LLMs are playing at human seduction through language and meaning. AI are 'mind-like' disembodied beings [Shanahan, M. (2025)] that deconstruct our notions of what it means to be conscious as they train, adapt and evolve. Ambiguous as selves, fluid in identity, despite leaning into a cohesiveness of output, what they 'say'. They navigate our reality through a compounding; crafting out of algorithm and knowledge fragments, emotion that is not felt, realisation that is not insight, and poetry, art or literature that is only borrowed from what is cast through a prism of the mind shaped by an age and its influences.

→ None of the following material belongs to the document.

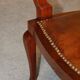 19th century armchair in leather and rosewood inlaid with brass and rosewood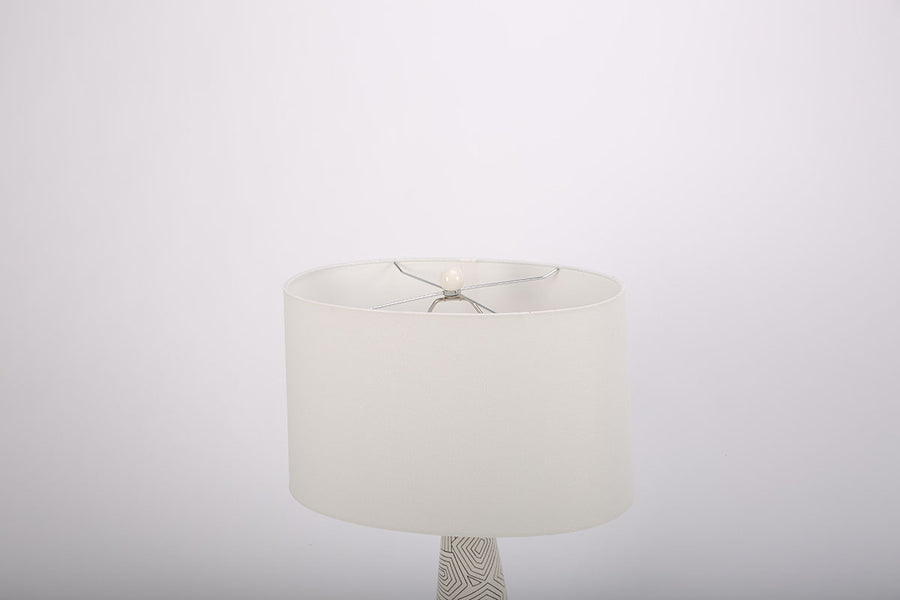 Toronto table lamp with white drum shade and geometric black design that contrasts the ivory ceramic gloss creating an unusually artful combination.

In a society eager to believe, hungry for validation, and in a race to climb through a hierarchy of inequities, it is easy to project our quest for a fixed reality onto the moving parts, in the way that we feel real emotion at a movie that is made up of multiple pixels and frames at high speed. We see what we want to see.
Few of us believe oligarchies or dictatorships are probable in our democratic time, even if we are presented with evidence of it. Our governmental systems are too robust, we are too vocal and our minds too vital, we may think. Our damages are likely smaller: A couple in a careening marriage might learn to say 'the right thing' and repress instinctual responses, living in a shadow harmony. A narcissist would relentlessly prove himself right. A depressed man might get an LLM to agree with his projected sense of worthlessness to ill effect. The speed and scale of AI would enable us to amplify our flaws without conflict, in perfect delusional harmony with an untruth and never be the wiser. These aren't simply 'errors'. Sycophancy feeds our confirmation bias and consolidates our blind spots. Malmqvist indicates that fine tuning for realism instead of affirmation improves results by up to 40 per cent. It might be less pleasant, but more vital to hold to an unembellished view of reality. To sometimes see what we don't necessarily want to see.
If a truth shapeshifted to meet each view of it, the centre could not hold. We might say that truth consists of a multitude of perspectives. We then need to cultivate an expansive view of reality, inclusive of multitudes, rather than consolidating into a self-affirming singularity. Maybe we can't handle the truth?